If no one minds me bringing this up .... "levels were perfect" ?

Have any tests you've done? If so you should be able to post what you've found. I don't mean to sound rude, but perfect in one person's perspective might not be in anothers. I've heard people with high nitrite or nitrate levels call it "perfect" before also. Ammonia, nitrites and nitrates all at zero or the last two almost at zero? If they are a little high, it of course would have taken a while to kill off your fish, a few days of being in water with trace amounts of ammonia may not kill most fish, IMHO.


----------



## Bear (Jun 8, 2006)

sorry, i should have been specific

ammonia =0
nitrite=0
nitrate<5


----------



## Fishfirst (Jan 24, 2005)

pH? 

Qt can be as simple as a 10 gallon tank with a florescent light, a HOB filter, a heater and a bit of PVC on the bottom for the fish to hide in. No substrate decor or anything else required.


----------



## Ice (Sep 25, 2006)

You can add a little bit live rock rubbles too if you want. Not alot of it though.


----------



## flamingo (Nov 5, 2005)

Ice said:


> You can add a little bit live rock rubbles too if you want. Not alot of it though.



Substrates and rocks shouldn't be placed in quarantine.


My quarantine tank is just a ten gallon with hood, a HOB millenium filter, an air stone, and a plastic plant inside.


----------



## Bear (Jun 8, 2006)

ok, well i have the QT now and will set it up some time tomorrow, the clowns died and I will be holding out on the new clowns for a few days, which will be going in the QT. if I am getting an anemone for these new clowns would it be a good idea to get it at the same time as the fish, one that they are already hosting?


----------



## kennyb (Oct 20, 2006)

if it makes you feel any better, i have a pair of b&w clowns, and they always hang out by the power heads. they are fine, i just think its where they like to be. i think they even sleep there too. i kinda feel bad that they have no anemoie to swim in.


----------



## Bear (Jun 8, 2006)

where did u find ur b&w clowns? how much were they?


----------



## Fishfirst (Jan 24, 2005)

I'd stay away from the anemone... remember? they have a bad track record and there is very little guarentee that your clowns will actually even host it.


----------



## Bear (Jun 8, 2006)

and i understand that, but perhaps this is what I wish to be stubborn with, instead of the tangs.
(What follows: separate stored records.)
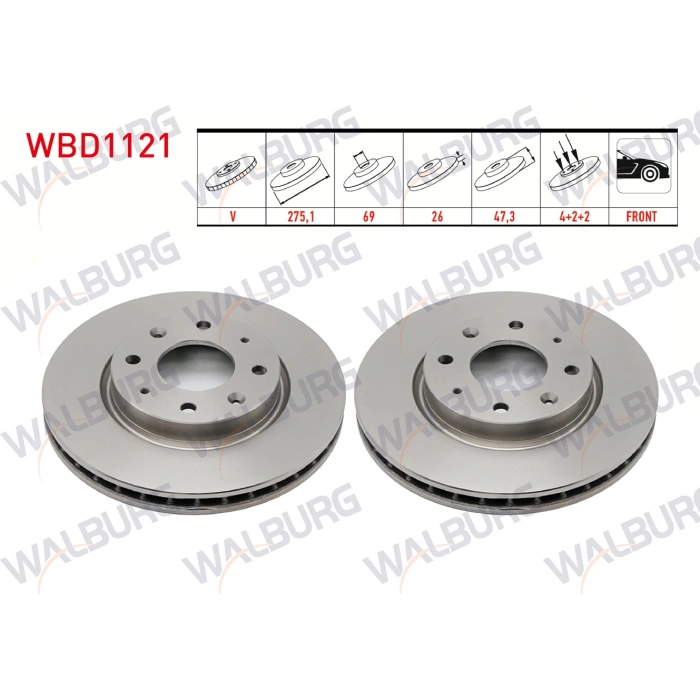 FREN DISKI ON HAVALI 4 BJN 275,1X26X69X47,3 KIA CERATO (LD) 1.5 CRDI 2004-2012 / CERATO (LD) 1.6i 2004-2012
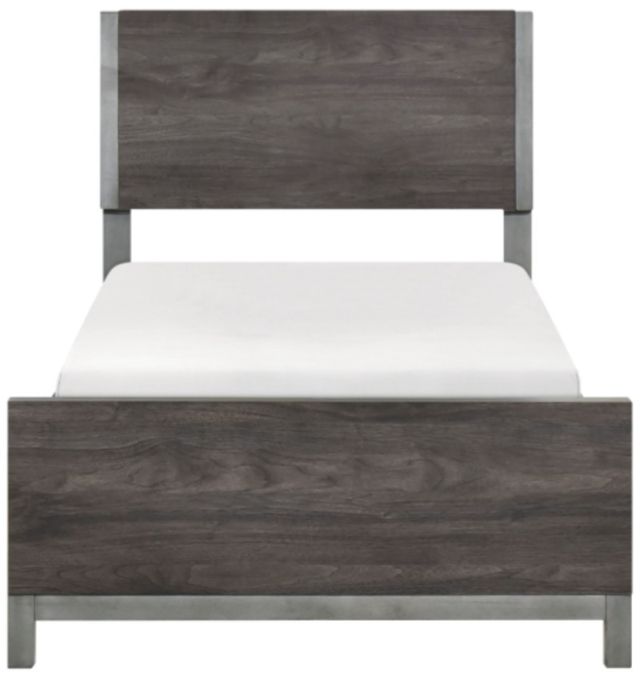 Homelegance® Zephyr Antique Silver/Brownish Gray Twin Panel Bed-3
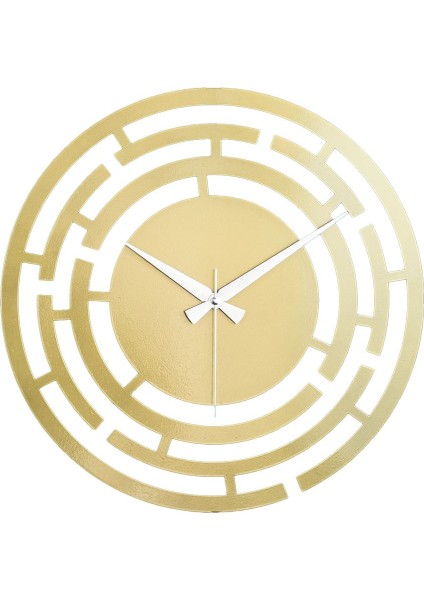 Modern altın renkli 40x40 cm metal duvar saati, sessiz mekanizmalı ve şık tasarım fiyatları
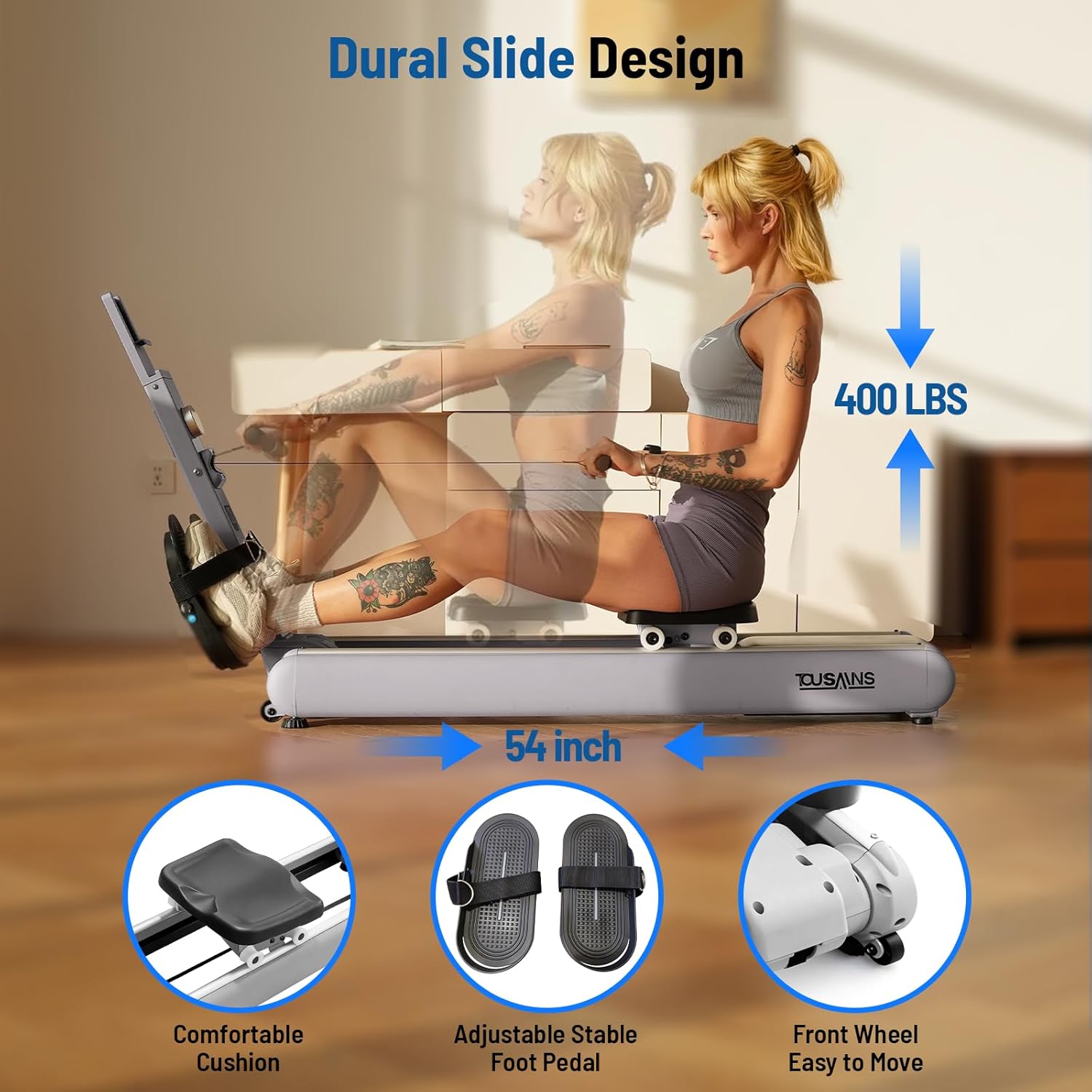 ER7 Self-Powered Rowing Machine, Magnetic Folding Rowing Machine for Home with 32 Resistance Levels, Quiet Dual Rail Foldable Rower for Full Body Workout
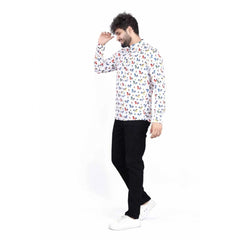 Men's Cotton Blended Printed Full Sleeve Shortkurta (Multicolor)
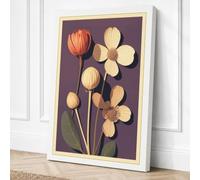 Study in Contrast Botanical Canvas Wall Art Print 18x12 Inch (46 x 30 cm)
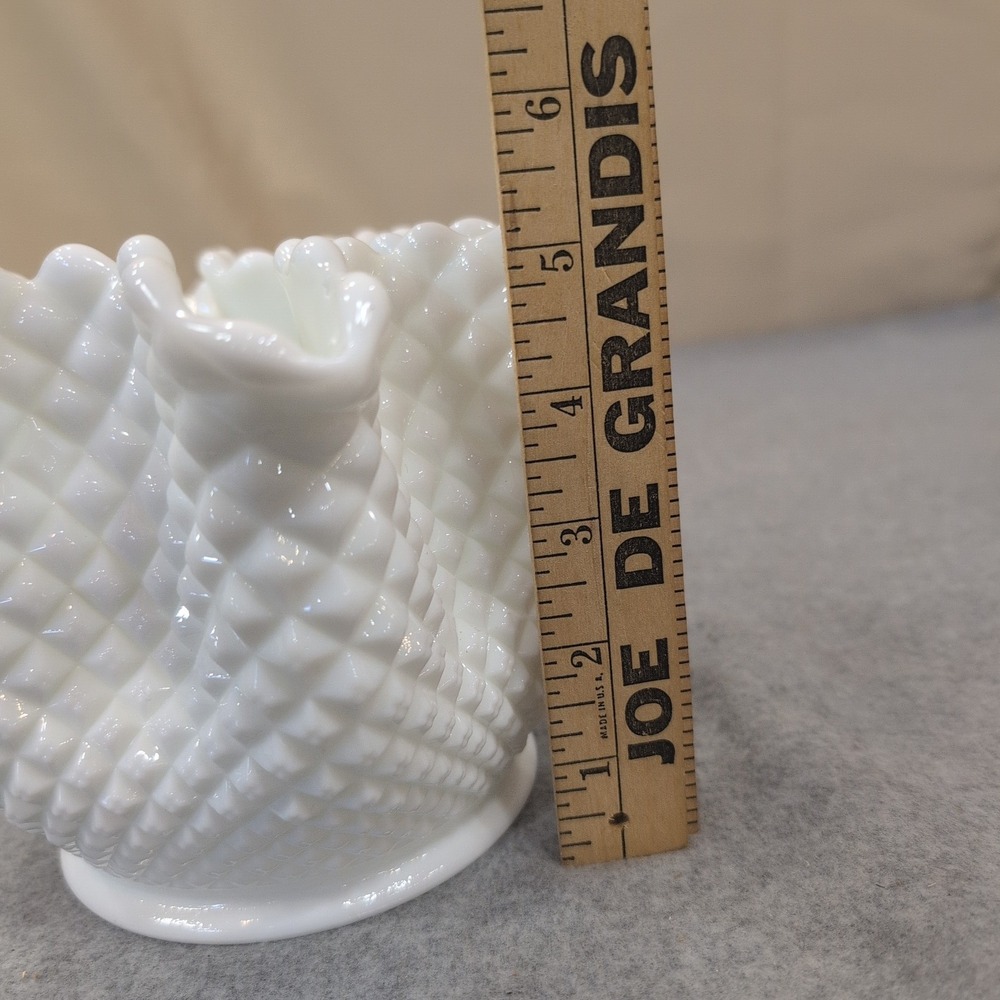 Vintage White Milk Glass Hobnail Ruffled Rim Vase Mid Century Decor - Picture 4 of 7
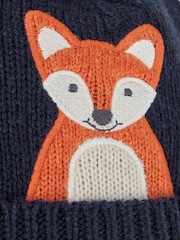 JoJo Maman Bébé Indigo Blue Appliqué Bobble Hat - Image 3 of 3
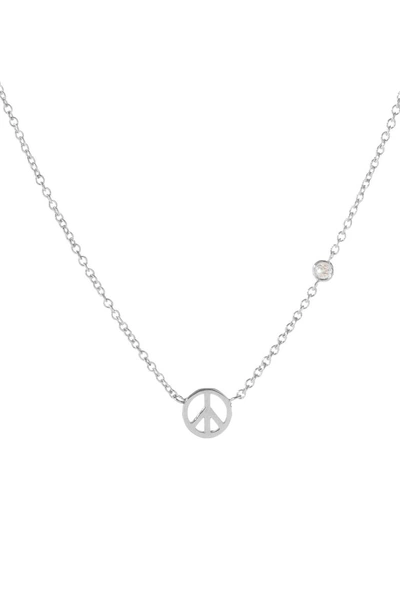 Shop Shy By Se Peace Sign Necklace In Silver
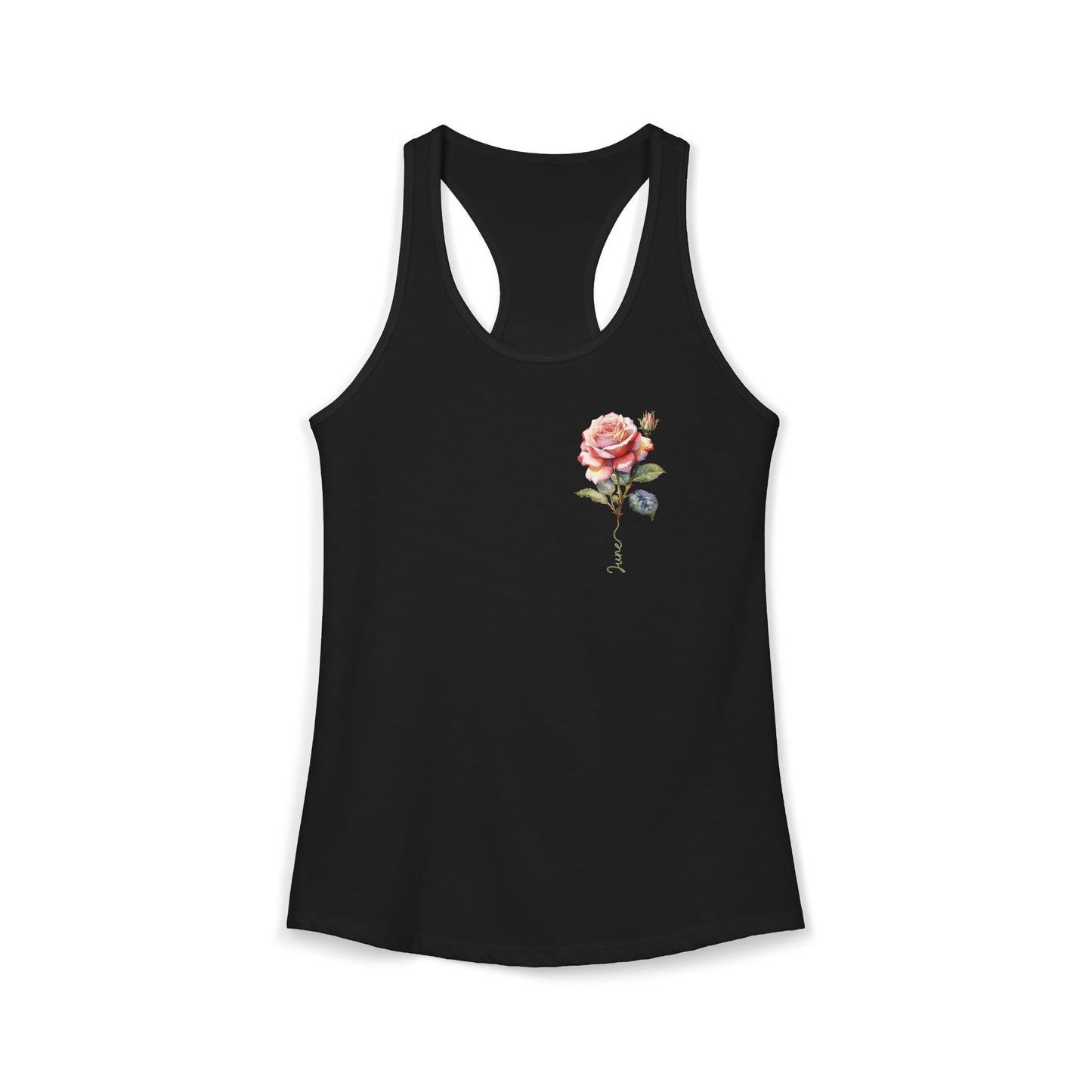 June Birth Flower Elegance - Women’s Artistic Rose Tank Top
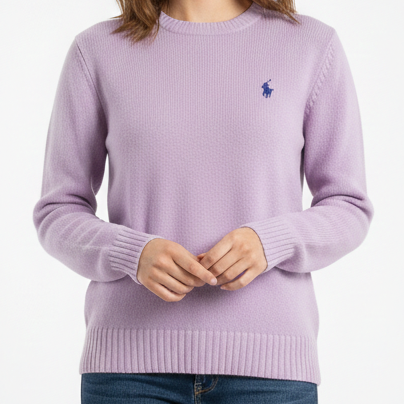 Women’s Soft Lavender Crew-Neck Sweater Elegant Casual Knitwear
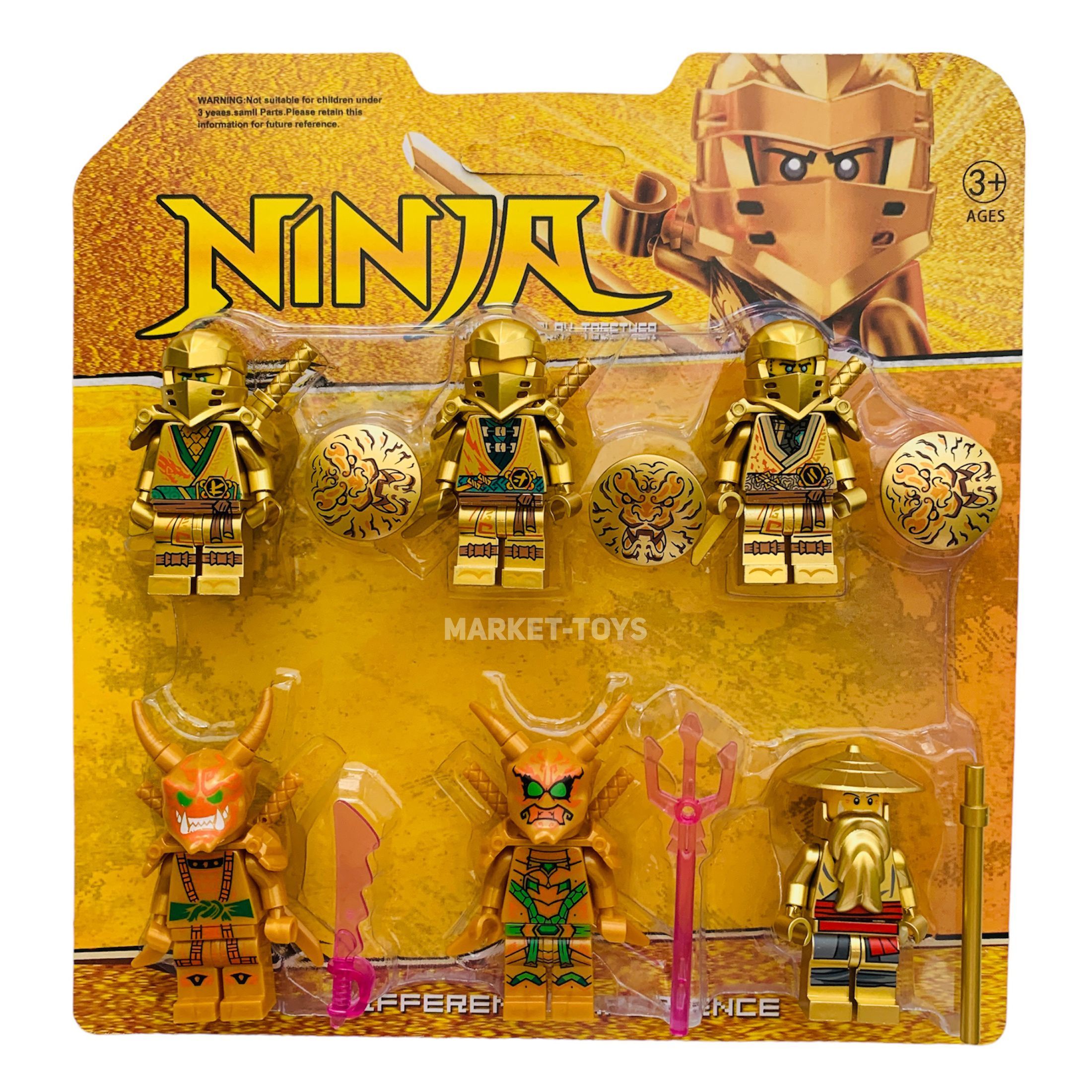 Набор фигурок Ниндзяго золотые / Минифигурки Ниндзя Ninjago Gold с оружием,  6 шт / Человечки Ninja с аксессуарами, совместимые с Лего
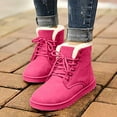 thumbnail image 4 of Gyexs Snow Boots for Women Furry Lined Low Heel Suede Leather Lace up Boot Casual Comfort on Winter Short Boot Wide Calf Women's Ankle Boots & Booties, Pink, Size 8.5, 4 of 6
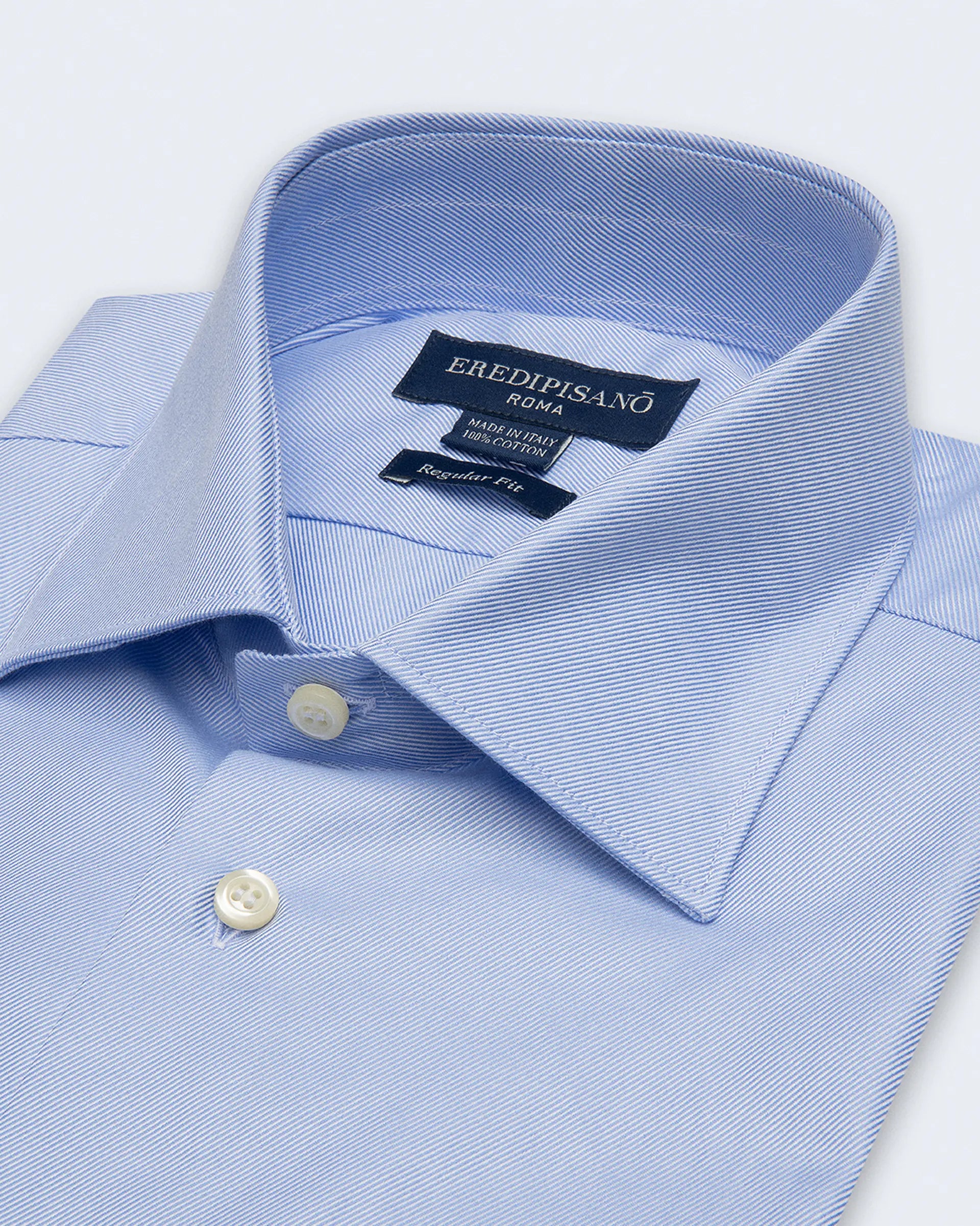 Regular fit light blue diagonal oxford shirt with Milan collar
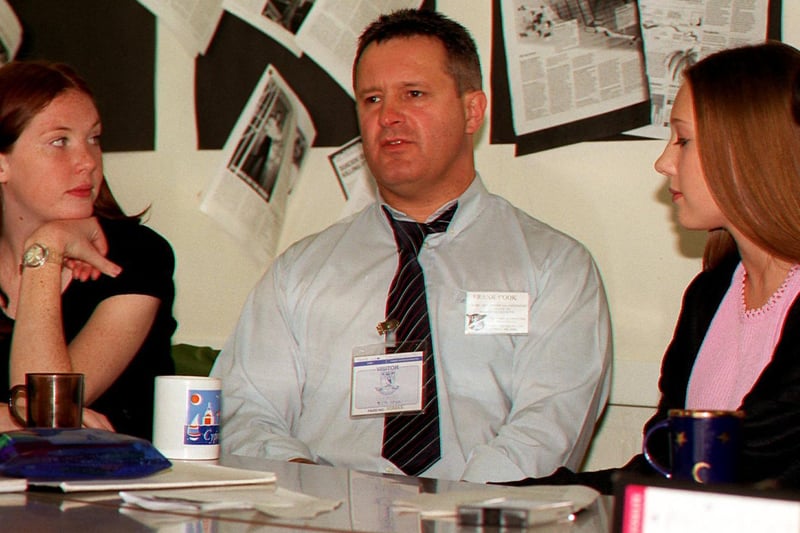 Former convict Frank Cook visited Garforth Community College to talk a group of sixth form pupils in July 1996. He is pictured next to Kelly Maud (left) and Helen Holmes.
But being stubborn is one thing, I do not wish to ignorant, so I need to know more. If I wish to have something like an anemone, that clownfish tend to host, what would it be? Is there any way that I could ensure that they would host something? Could I QT them with it until they host it and then put them all in the tank?


----------



## Jonno (May 22, 2005)

I would hold off on your anemone first, you can always add it in at a later date anemone's need stable water conditions.


----------



## ivanpres (Oct 3, 2006)

I also have a pair of clowns, wich are always in the power heads. I have two anemones but the clowns have nerver been near them, they are doing really well in the power heads so I don't think that's the problem.


----------



## Bear (Jun 8, 2006)

it wasn't that anyone thought that the powerhead's could have caused it.


----------



## kennyb (Oct 20, 2006)

i got mine from our local petstore.
there was a pair there, i was just about to buy them when some guy went off and bought just one, so i ended up geting the one left behind, and another one that was by its self. they seem to really like eachother now.
but my fiances parents had one in there tank for a while and they thought it died cuz it just dissappered. 3 or 4 months went by and one day we looked in the overflow and there it was, ALIVE! it must jumped in there.
point of the story is, that if you didnt find it dead, check inside the overflow..you never know


----------



## Ice (Sep 25, 2006)

I thought you could put a few pieces of live rock rubble in QT. Why do you recommend you don't ? Just asking ...


----------



## Damon (Jan 18, 2005)

Bubbletip anemone (BTA) are usually the best ones to keep with that type of clown. They are also the hardiest ones I know of and not as agressive as others. I wouldn't add one yet in your tank but I have been told its best to add the anemone first before adding the clowns. Give the anemone time to settle in before the clowns start harassing it, so to speak.


----------



## Ice (Sep 25, 2006)

Quick question - do recommend those that want to add corals to tank add the corals first before adding any fish ? Just a thought I was thinking about last night reading up on corals. I'm talking about are : polyps, mushrooms corals, pom poms, etc ... you know, the beginner and hardy variety.


----------



## Damon (Jan 18, 2005)

Thats what I did. In fact I still have no fish in the tank yet. Partially because I'm still waiting on my black percs but also because I want their home just right before I add any.


----------



## CollegeReefer (Sep 1, 2006)

Ice you don't add lr rubble because the meds kill it all off anyways which will result in a spike in the water parm. QT just need the bare glass bottom, a hob filter, and some pvc for hidding. Oh a light and heater are also needed as well.


----------



## TheOldSalt (Jan 28, 2005)

Bingo.
Also, I too suggest going fishless at first. The corals will need awhile to get established after moving to your tank, and being pestered by fish and their waste doesn't help. The difference is only slight, though, so it doesn't matter all that much, really.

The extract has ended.